KUHN CAPITAL Saturday, December 16, 2017
Dispatches from the front

Manufacturing Information II
(8/18/2004)

Last month’s Dispatch argued that the BPO trends sweeping American service industries (like the outsourcing of HR and customer service departments by insurance carriers), will next increasingly penetrate American manufacturing industries.

While domestic manufacturers actually pioneered a form of outsourcing – that of certain manufactured components -- BPO is different: it’s the outsourcing of entire internal departments. In one extreme case, we know of a distribution company that has outsourced all its functions to third parties, reserving only the employment of key executives to pursue the company’s “core”, in this case defined as the acquisition of other distribution companies in an industry roll-up.

So How can manufacturers ride this looming wave of change, rather than be engulfed by it?

Niche In
First, determine if you are sufficiently protected from the price wars that BPO-equipped competitors bring to the market. Every manufacturer with information processing costs is vulnerable except those who are strongly niched. Examples of niched companies are those who own valuable proprietary intellectual property, who specialize in just-in-time delivery, who operate in a specialty industry that’s too small to attract global competition, or who are in a business that requires local “feet on the ground.” Snap-on Tools has many feet on the ground: they own a fleet of trucks that tote tools around to local machine shops and manufacturers, a service impossible to offer from a distance. Find ways to burrow deeper into niches.

Clients: A Contact Sport
Examine ways by which you can make your client contact more intimate. Strong knowledge of the client’s needs is a powerful antidote against distant competition. In addition to the obvious benefits of close-contact marketing and sales functions (think golf course outings), such intimacy can generate opportunities to better match your products to client needs.

Be Clear on Core
The word “core” refers to a set of business processes that you have determined represent a unique competitive strength, and that generate above-market margins. Core activities leverage your team’s skills and industry expertise and, by exclusion, they define those non-core activities that you should consider outsourcing.

Of help in determining core is a benchmarking exercise that compares your products and processes against each other and against external competition.
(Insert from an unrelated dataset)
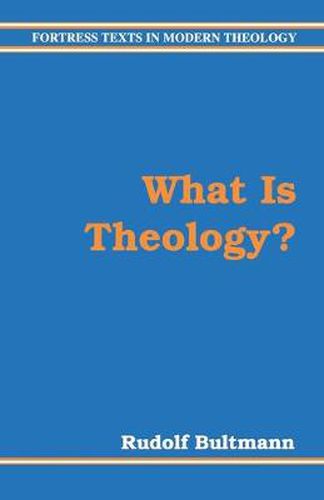 Cover image for What Is Theology?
That is, you list on a spreadsheet your products by column and the value-add processes by which you create and support those products by row. The data you consider is both financial (sales volume, rate of growth, cost of goods, operating margin, etc.) and operational (market share, client quality, synergy with other processes and product lines, etc.). The point of all this is to emerge with an understanding of which products and processes are key to the company’s future and which are not. Whatever’s not should be considered as a candidate for termination or outsourcing. Obviously, you want to rationalize your business to concentrate on profitable growth.

Into Outsourcing
Investigate outsourcing alternatives for those processes that don’t provide compelling arguments for continued internal operation, that aren’t core. A recent survey by the Outsourcing Institute showed that 55% of its respondents quoted the goal of improving focus, the leading rationale for outsourcing. Following in close second place at 54% was cost reduction, the third was to “free resources for use elsewhere”, while the fourth reason, interestingly, was to gain access to “world-class capabilities”.

But availing yourself of BPO services is no easy panacea: it takes work. Another survey focusing on the causes of BPO project failure found the following reasons:

1) Poor key executive commitment, or a failure to internally recruit the best and brightest to the cause;
2) Poor internal communications plan: Failure to create incentives for the cooperation of current employees in the BPO transition process;
3) Rushing through the BPO RFP definition and vendor selection;
4) A blindness to the BPO supplier’s cultural differences;
5) Underestimating the cost of tech/skill transfer to the BPO partner;
6) Lack of a formal BPO partner governance procedure.